You can also combine the result with a stroked edge as explained
in the box “
Drawing Outlines and Borders,” and maybe even a Layer style
(page 325). Even
without any additional frills, your photo’s shape will appear
more interesting, as
shown in Figure 11-25.
A quick drag with the Cookie Cutter is all it took to create the bottom graphic from the top photo. If you want to create custom album or scrapbook pages, you can rotate or skew your crops before you commit them. See page 266 for how to rotate and skew your images.
You use the Cookie Cutter just the way you use the Custom Shape tool, but you use it on a photo.
- Activate the Cookie Cutter tool.
Click the Cookie Cutter in the Toolbox (the icon looks like a heart), or press Q.
- Select the shape you want your photo to be.
Choose a shape from the Shapes palette by clicking the downward arrow next to the shape display in the Options bar. You have access to all the Custom Shapes, but pay special attention to the Crop Shapes category. Click the More button on the Shape Picker to see all the shape categories it contains, or choose All Elements Shapes.
- Adjust your settings, if necessary.
You have the same Shape Options described earlier for the Custom Shapes (page 304), so you can set a fixed size or constrain proportions if you want. Click the Shape Options button to see your choices.

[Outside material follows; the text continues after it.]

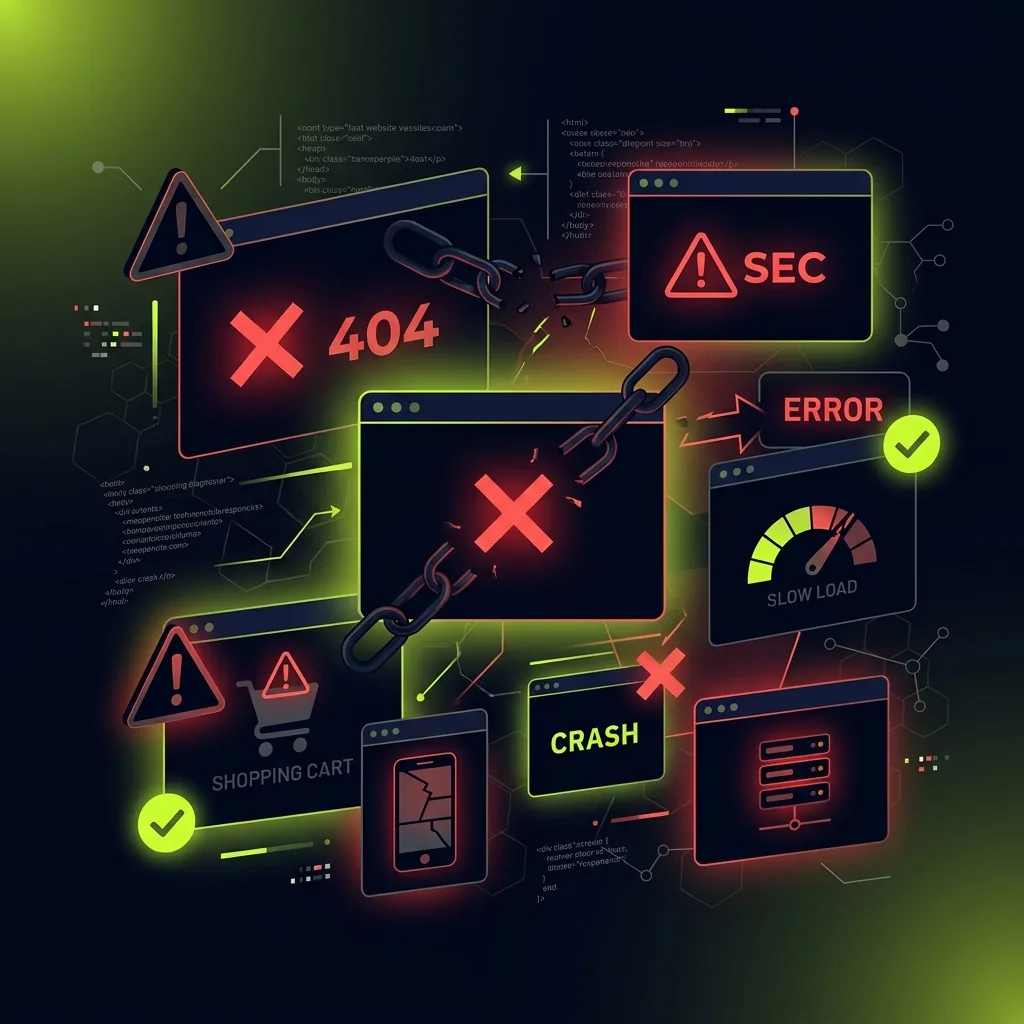 Auditoría web para PyMEs: 15 errores que bloquean confianza y conversiones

You can choose to feather the edge of your shape, too. Just enter the amount in pixels. (See page 110 for more about feathering.) The other option, Crop, crops the edges of your photo so they’re just large enough to contain the shape.
- Drag in your photo.
A mask appears over your photo and you see only the area that will still be there once you crop, surrounded by transparency.
- Adjust your crop if necessary.
You can reposition the shape mask or drag the corners to resize it. Although the cropped areas disappear, they’ll reappear as you reposition the mask if you move it so that they’re included again.
Once you’ve created the shape, you’ll see the Transform options (page 268) in the Options bar (which means that you can skew or distort it if you want) until you commit your shape, as explained in the next step. You can drag the mask around to reposition it if you’d like, or Shift+drag a corner to resize it without altering the proportions. It may take a little maneuvering to get exactly the parts of your photo that you want inside the crop.
- When you’ve gotten everything lined up the way
you want, click the Commit
button in the Options bar or just press Enter.